Trump veut délégitimer la liberté de la presse
Trump veut délégitimer la liberté de la presse
Editorial. En meeting ou en conférence de presse, le président américain s’attaque de façon virulente aux médias. Une approche dangereuse.
Donald Trump lors d’un meeting à Melbourne (Floride), le 18 février. | JOE RAEDLE / AFP
Donald Trump n’a que peu de goût pour les références historiques. Lors d’un étonnant meeting de campagne pour un président à peine installé à la Maison Blanche, le 18 février, en Floride, il a pourtant convoqué trois anciens présidents, dont Thomas Jefferson, pour le soutenir dans sa détestation de la presse.
Trier dans les citations de personnages historiques pour y trouver son compte est de bonne guerre. Mais le troisième président des Etats-Unis s’est surtout rendu célèbre, en la matière, pour avoir déclaré que, s’il fallait choisir entre « un gouvernement sans journaux et des journaux sans gouvernement », il opterait « sans hésitation » pour la seconde formule.

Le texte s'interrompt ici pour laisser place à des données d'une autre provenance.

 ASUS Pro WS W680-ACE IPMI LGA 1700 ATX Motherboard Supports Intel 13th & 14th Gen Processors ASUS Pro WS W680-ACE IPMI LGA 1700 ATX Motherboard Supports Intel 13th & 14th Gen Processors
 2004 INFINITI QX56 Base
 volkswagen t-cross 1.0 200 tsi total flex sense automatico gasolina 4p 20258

Son lointain successeur, lui, a tranché pour l’instant en faveur de la première.
Un attentat inventé
Depuis son entrée en politique, il y a moins de deux ans, M. Trump nous a habitués à une relation torturée avec les faits qui va bien au-delà de la pratique de la communication politique. La parole du candidat a souvent croisé dans les eaux troubles de l’approximation, de la fable, voire du complotisme. Celle du président n’a pas rompu avec cette détestable habitude.

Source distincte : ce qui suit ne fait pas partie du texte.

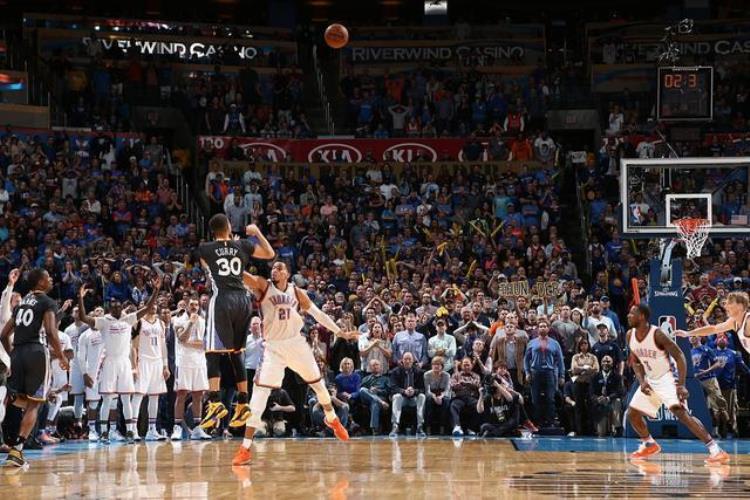 nba远距离三分「推动现代篮球发展超远距离三分球谁才是掌门人」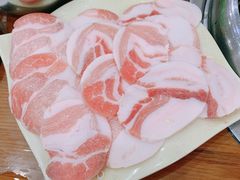 -延成苑韩式烤肉店(长春道店)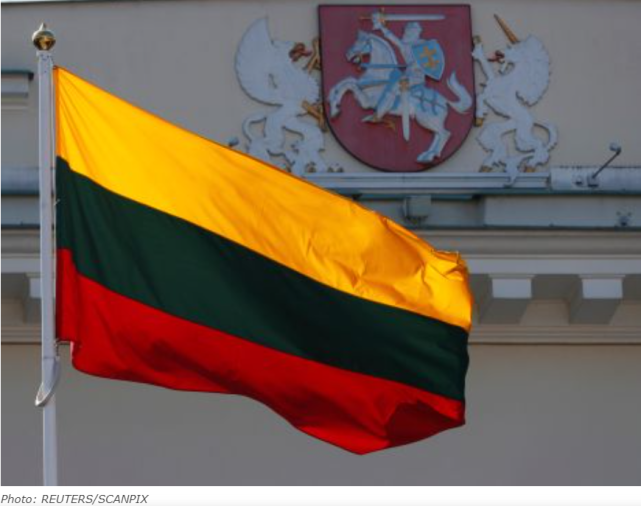 立陶宛高官要求欧盟取消中欧峰会，德学者：幼稚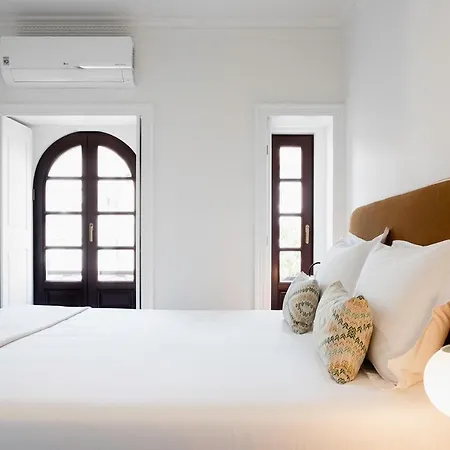 Appartement Trindade Premium *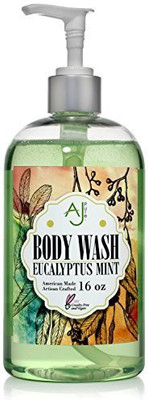 

AJ Pure Body WashPhenoxyethanol Free(473.12 ml)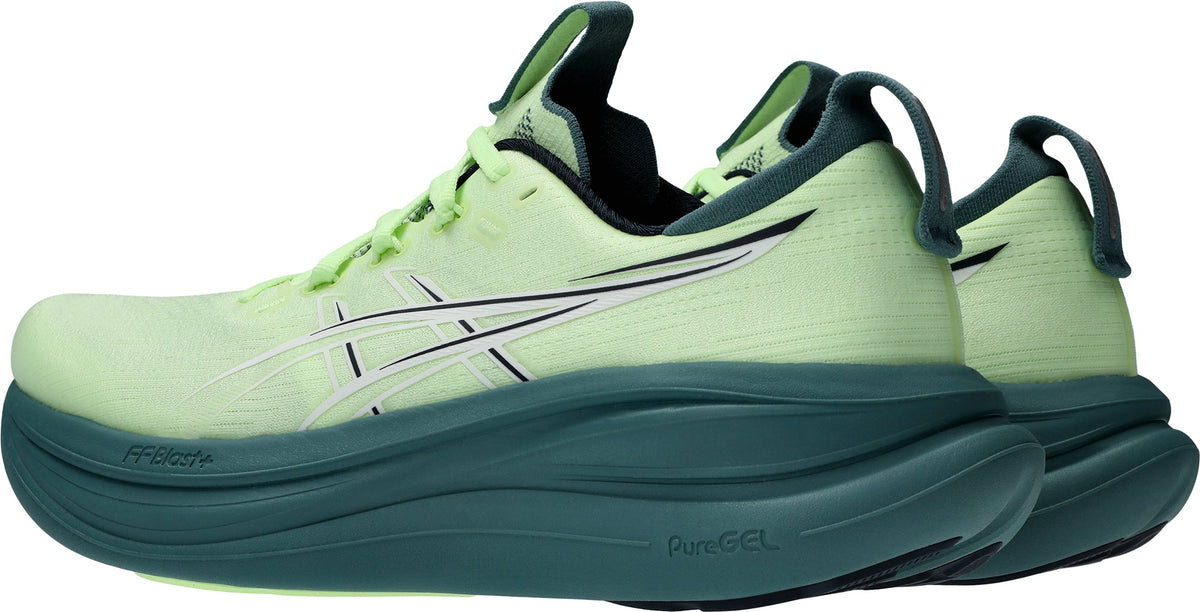 Men's Gel Nimbus 28 Road Running Shoes - Yellow
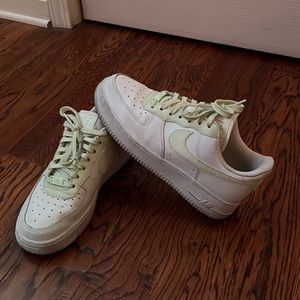 nike air force 1s
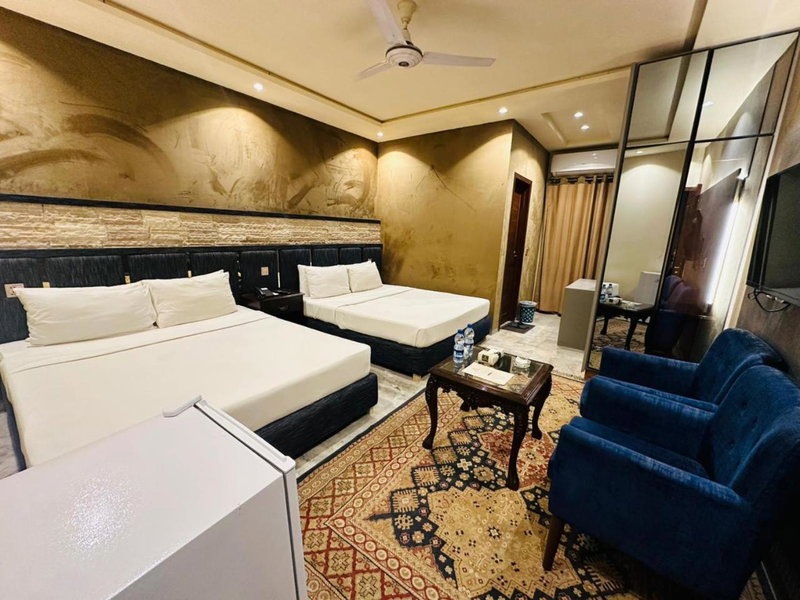 Shelton’s Rezidor Lahore, Lahore, Pakistán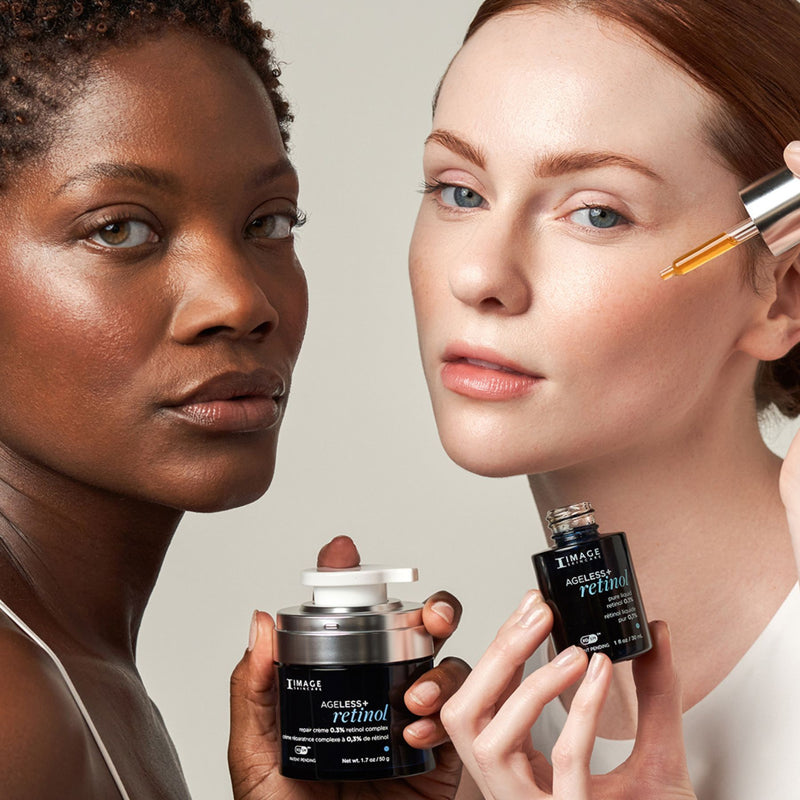 Ageless+ Retinol von IMAGE Skincare - Retinol in drei Stärken für sensible Haut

Parmi d’autres contrevérités, M. Trump a ainsi inventé, samedi 18 février, sans le dire explicitement mais tout en le laissant entendre, une attaque terroriste en Suède. S’ajoutant à ses allégations répétées sur la fraude électorale massive qui l’aurait privé d’un véritable triomphe le 8 novembre, mais qui a échappé manifestement à tout le monde, démocrates et républicains confondus, cette posture est déjà embarrassante en soi. Mais il y a pire.
Le 17 février, M. Trump a déclaré que la presse était désormais « l’ennemi du peuple américain ». Le dernier président américain à s’être exprimé avec cette violence était Richard Nixon, au pire du scandale qui devait l’emporter. Personne ne discutera le fait que la majorité des médias n’est guère favorable à M. Trump depuis qu’il est arrivé à la Maison Blanche. Mais le président ne peut s’en prendre qu’à lui-même si son administration, pour l’instant, ressemble plus à une pétaudière qu’à la « machine bien huilée » qu’il vante.
Imposer un récit unique
Tout au long de sa carrière d’homme d’affaires, M. Trump a rarement eu à rendre des comptes sur ses choix. Désormais au service de son pays, il ne se montre pas plus disposé à se soumettre au regard d’un contre-pouvoir. La faible tolérance à la critique ne relève pas de l’accès d’humeur. Délégitimer la presse, comme l’assument d’ailleurs ouvertement ses proches conseillers, vise à imposer un unique récit du mandat en cours, servi par l’effet démultiplicateur de réseaux sociaux qui enferment son électorat dans ses certitudes.
Les « faits alternatifs » défendus par sa conseillère Kellyanne Conway, qui elle aussi avait inventé un « massacre », la réduction des médias au « parti de l’opposition » par son bras droit Stephen Bannon, s’inscrivent dans cette stratégie. Manifestement, cette dernière fait d’ailleurs école au-delà des frontières américaines.
Cette tentation est dangereuse, tout comme sont dérangeantes les leçons de journalisme du chef de cabinet du président, Reince Priebus, qui a invité les médias à s’abstenir de publier tout article reposant sur des sources non identifiées. La presse ne fait pas les élections, M. Trump a pu le constater à son profit. Sa mission est tout autre, informer du mieux possible. La nier n’est pas rendre service, justement, au peuple américain.